Stockholm (HedgeNordic) – Systematic strategies represent a consistent, disciplined, and transparent approach to investing, significantly reducing the risk of human error and emotional decision-making. These quant-based strategies can be cost-efficient and scalable, making them particularly beneficial for large allocators managing sizeable investment portfolios. The First Swedish National Pension Fund, Första AP-fonden (AP1), has committed more resources over the years to developing and growing its own quant team to capitalize on the advantages of systematic strategies.

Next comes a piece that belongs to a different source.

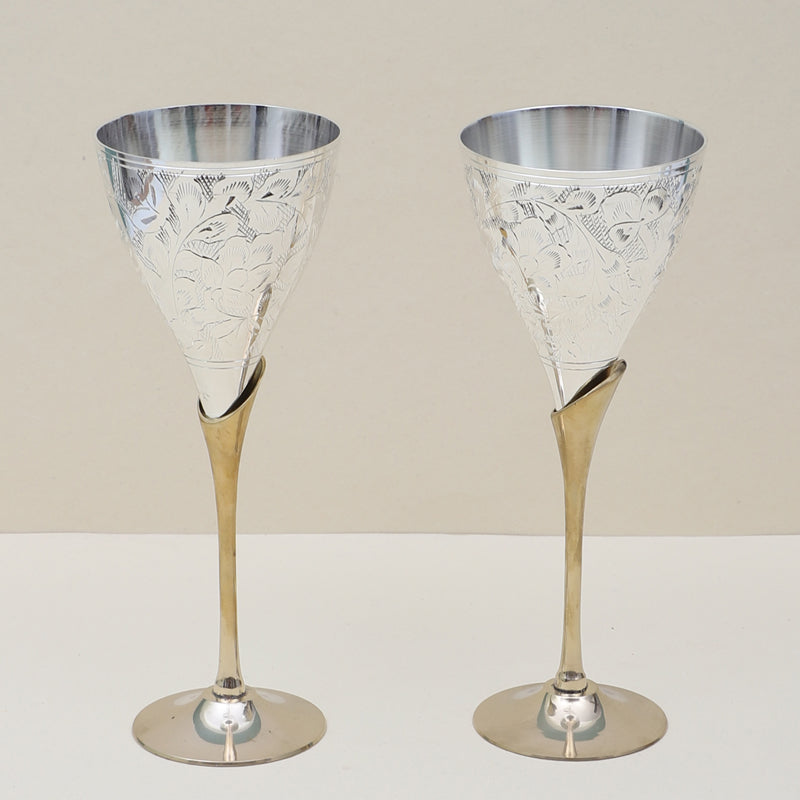 Buy Ruqayya Wine Glass (100 ML) - Set Of Two Wine & Champagne Glasses from Vaaree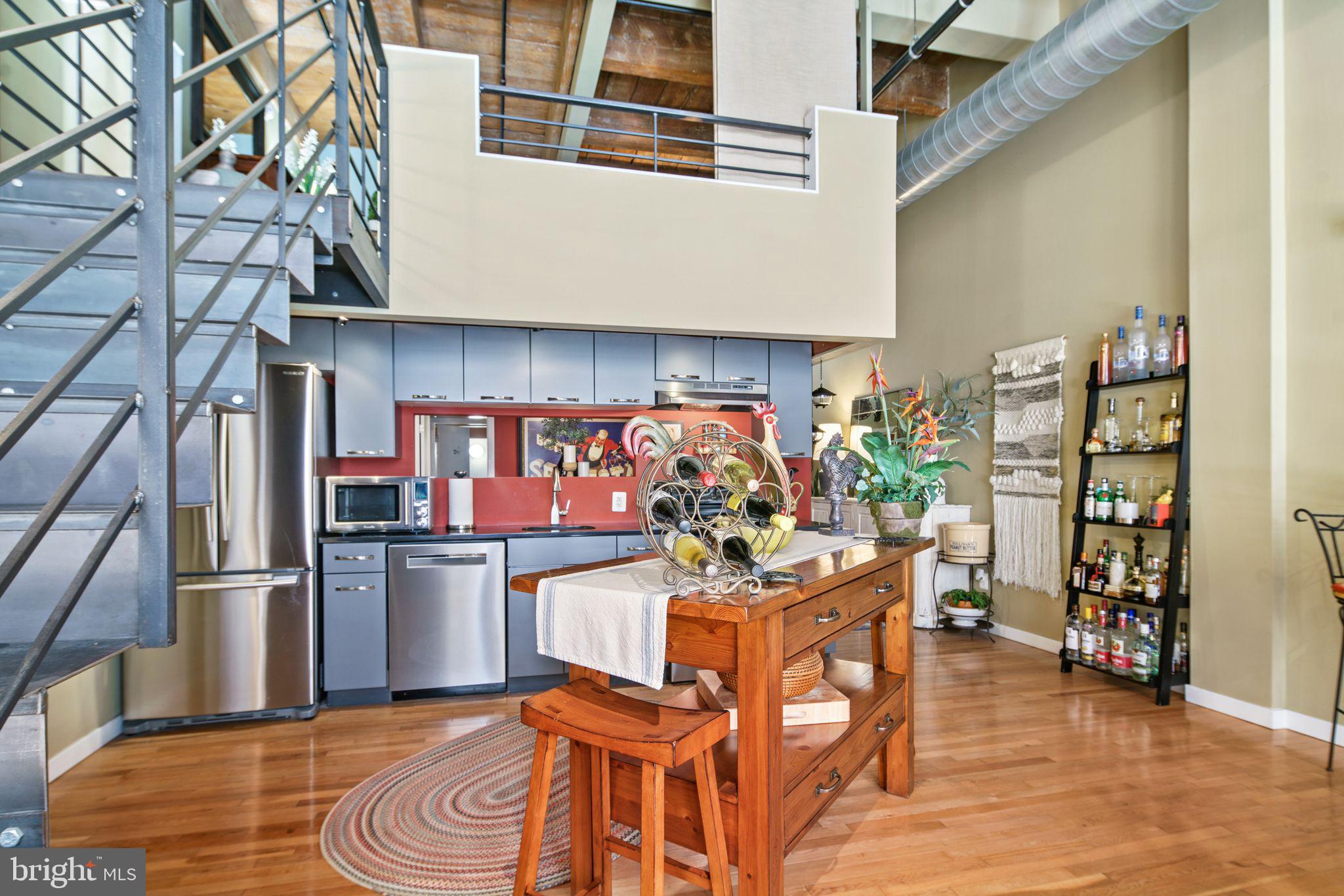 1027 Arch Street, Unit 307 Philadelphia, PA 19107 - Photo 14 of 29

A team of six led by Patrik Nyman, Head of Asset Allocation and Quantitative Strategies and an employee at AP1 since 1992, is responsible for two mandates. The first mandate focuses on global tactical asset allocation, while the second involves managing a portfolio of developed market equities using a factor-based approach. The tactical allocation mandate is divided into two components. The first component, as Nyman explains, focuses on “managing the overall risk balancing in the portfolio and ensuring that the strategic risk profile is upheld.” The second component allows the team to “utilize the overall risk mandate for tactical allocation to take more model-driven exposure.”
In-House Trend-Following
According to Nyman, this second component utilizes a basket of systematic, model-driven strategies with a strong emphasis on trend-following, including directional, non-directional, and systematic macro-type strategies. Having previously allocated to external trend-following managers, AP1 has opted to implement these strategies in-house. “Trend-following is an integral part of the overall risk-taking within the tactical asset allocation,” explains Nyman. “It serves as a pure risk-based overlay that consumes part of the overall risk allocated towards tactical asset allocation.”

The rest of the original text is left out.